Pictures are to be left out. Return exactly the lines below from the one with "981 Coventry Court, Oxford" up to and including the one with "Jackery Explorer 300".

*** Material for the task ***

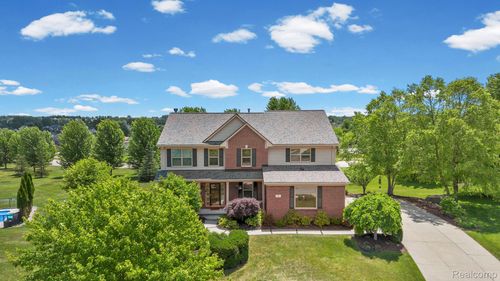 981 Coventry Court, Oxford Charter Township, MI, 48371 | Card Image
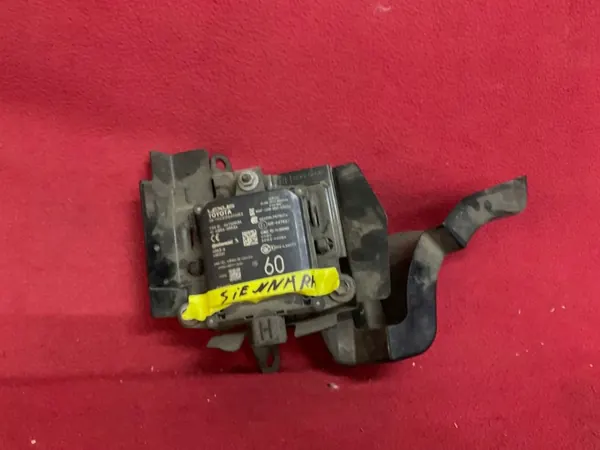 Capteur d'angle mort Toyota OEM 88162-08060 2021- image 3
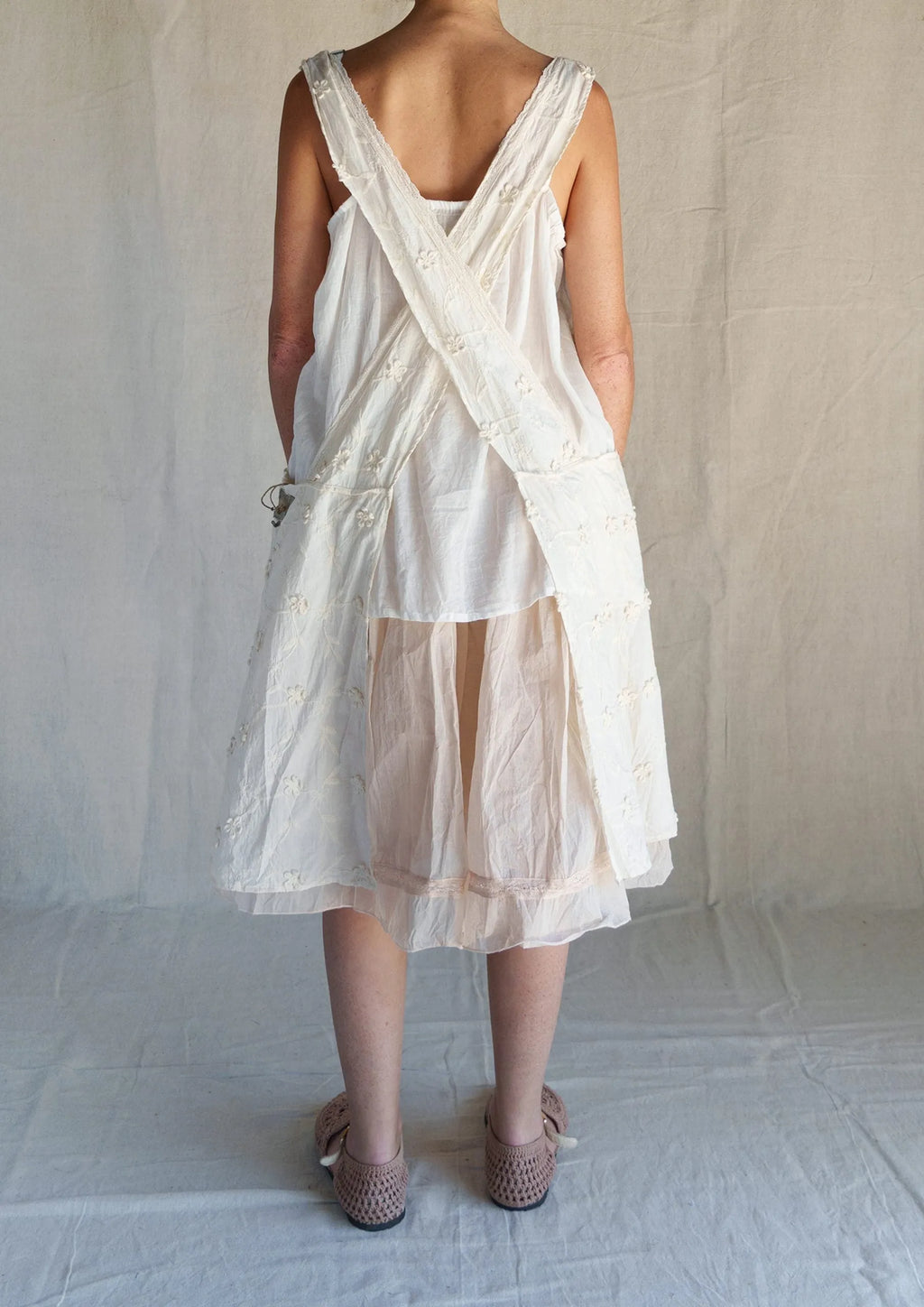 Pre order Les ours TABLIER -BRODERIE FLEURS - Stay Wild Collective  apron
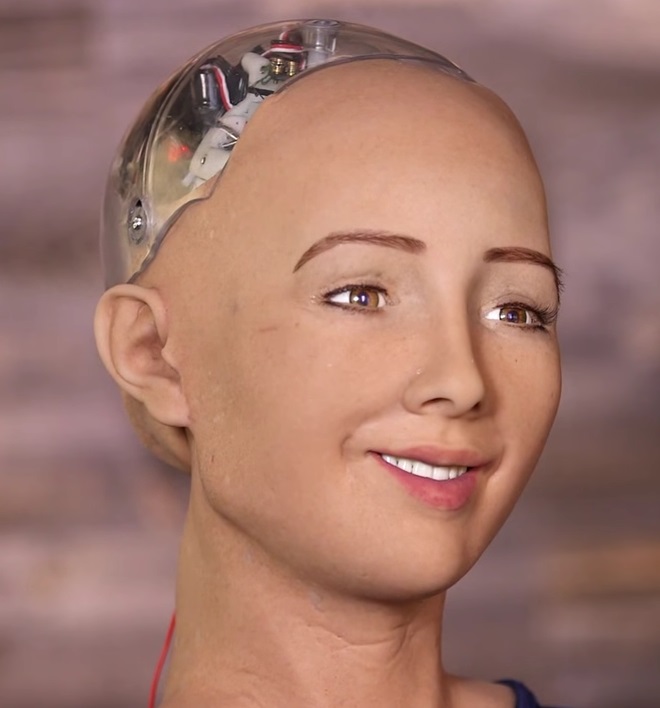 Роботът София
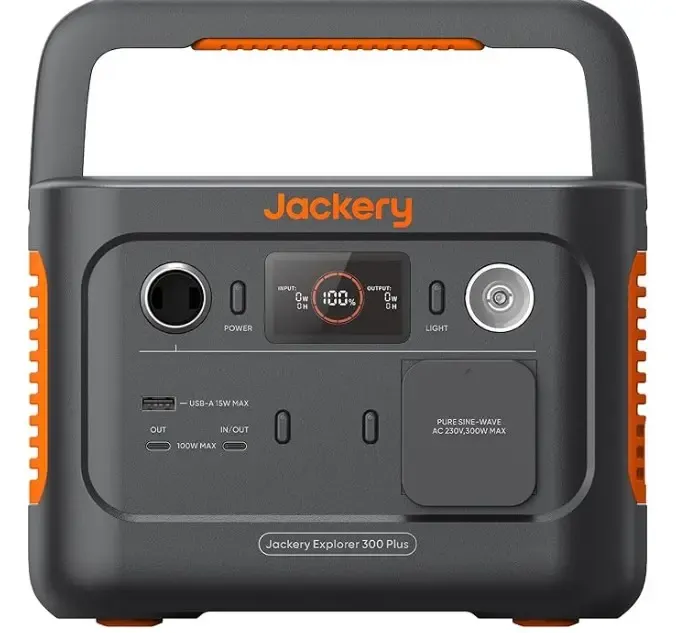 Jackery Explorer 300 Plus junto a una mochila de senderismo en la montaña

*** End of Material for the task ***
*** Material for the task ***

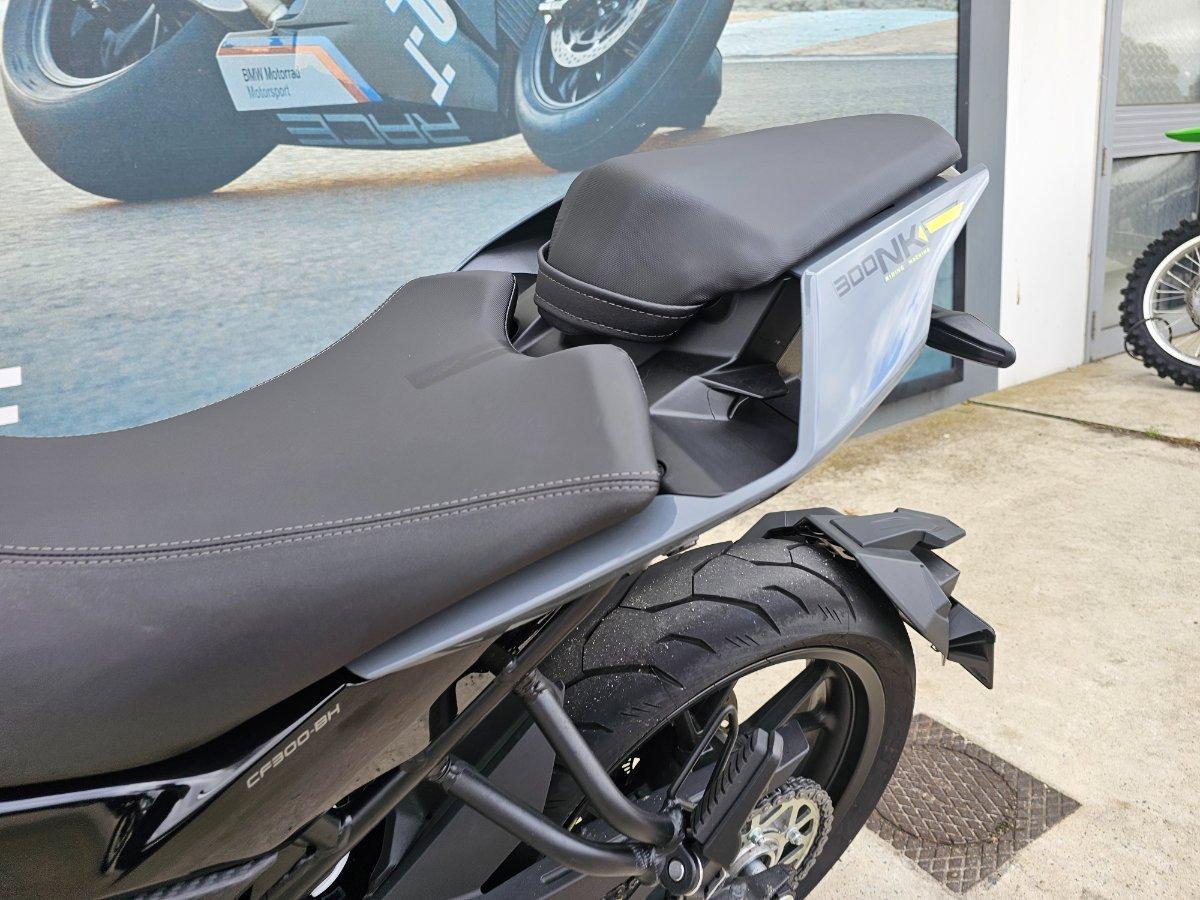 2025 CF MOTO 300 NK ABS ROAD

*** End of Material for the task ***
*** Material for the task ***

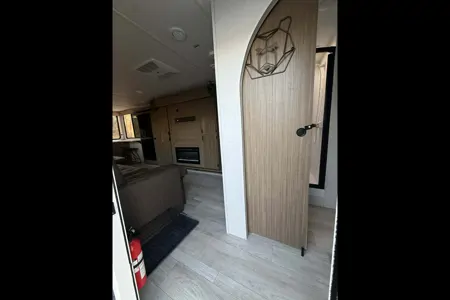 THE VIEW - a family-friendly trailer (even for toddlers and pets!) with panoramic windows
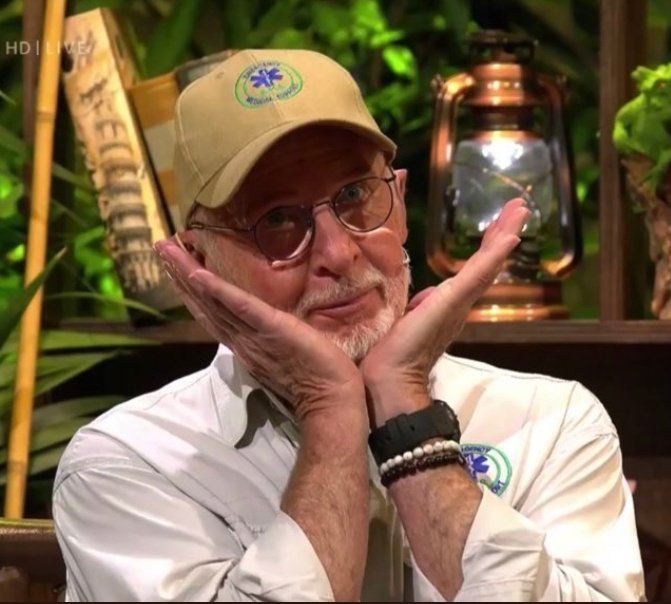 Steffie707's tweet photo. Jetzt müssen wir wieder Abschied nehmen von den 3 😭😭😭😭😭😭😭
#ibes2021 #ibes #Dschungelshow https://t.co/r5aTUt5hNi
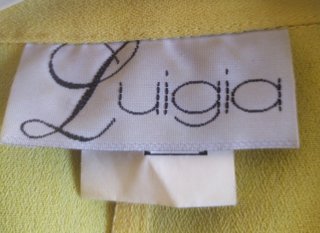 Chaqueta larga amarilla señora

*** End of Material for the task ***

Written response
 981 Coventry Court, Oxford Charter Township, MI, 48371 | Card Image
 Capteur d'angle mort Toyota OEM 88162-08060 2021- image 3
 Pre order Les ours TABLIER -BRODERIE FLEURS - Stay Wild Collective  apron
 Роботът София
 Jackery Explorer 300 Plus junto a una mochila de senderismo en la montaña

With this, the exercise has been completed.